The Queen once snubbed Paul McCartney performance to watch ‘Twin Peaks’

·2-min read
Split of Queen Elizabeth II and David Lynch
The Queen was an unlikely fan of David Lynch's cult hit. (Photo: Joel Rouse/Gabriel Marchi/Wikimedia Commons)

The late Queen Elizabeth II once snubbed a private Paul McCartney performance in favour of watching Twin Peaks.

Fans of the cult classic TV show are revisiting the story, as told by composer Angelo Badalamenti, of the monarch’s predilection for Peaks, an anecdote that provides a rare insight into her cultural tastes.

Badalamenti, the long-time collaborator of Peaks mastermind David Lynch who was behind the series’ iconic opening theme, first shared the unlikely revelation with NME back in 2011.

“Back when Twin Peaks was kicking off around the world, I flew by Concorde to London to work with Paul McCartney at Abbey Road,” related Badalementi. “He said, ‘Let me tell you a story’. Not long before we met, he’d been asked to perform for the Queen for her birthday celebrations.”
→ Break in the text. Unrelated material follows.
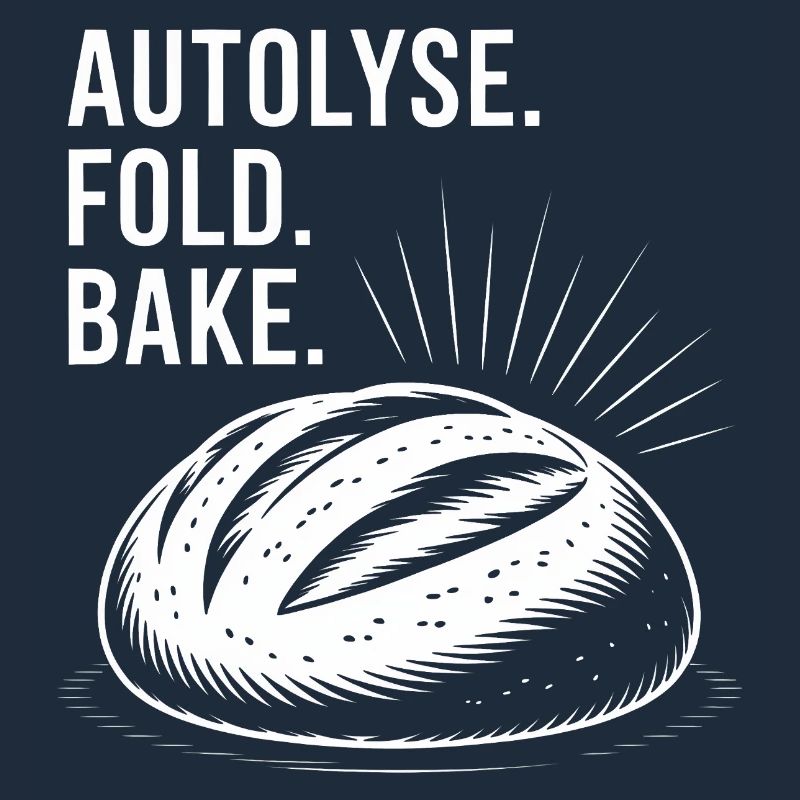 Bread Bold : Art de l’autolyse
“And when he met her, he started to say, ‘I’m honoured to be here tonight, your Majesty, and I’m going to play some music for you’. And the Queen says, ‘I’m sorry, I can’t stay, it’s five to eight, and I have to go and watch Twin Peaks!’”

Footage of Badalementi reminiscing about the conversation was included as a DVD bonus feature, and can be seen above. The story has never been publicly verified by McCartney or the Royal Family, but Badalementi is revered as a raconteur by Peaks purists, with this clip in which he describes the process of writing ‘Laura Palmer’s Theme’ with Lynch racking up more than half a million views on YouTube.

The Queen died on Thursday afternoon (September 8) at her Balmoral estate in Aberdeenshire, just two days after accepting Boris Johnson’s resignation there and subsequently inviting new prime minister Liz Truss to form a government. The UK is currently observing a ten-day period of national mourning, which will culminate on September 19 in the country’s first state funeral since the death of Winston Churchill.

Cultural figures from across the world, including Sir Elton John, have been paying tribute to Britain’s longest-reigning monarch, whilst events including the Mercury Prize ceremony and the Last Night of the Proms were cancelled as a mark of respect.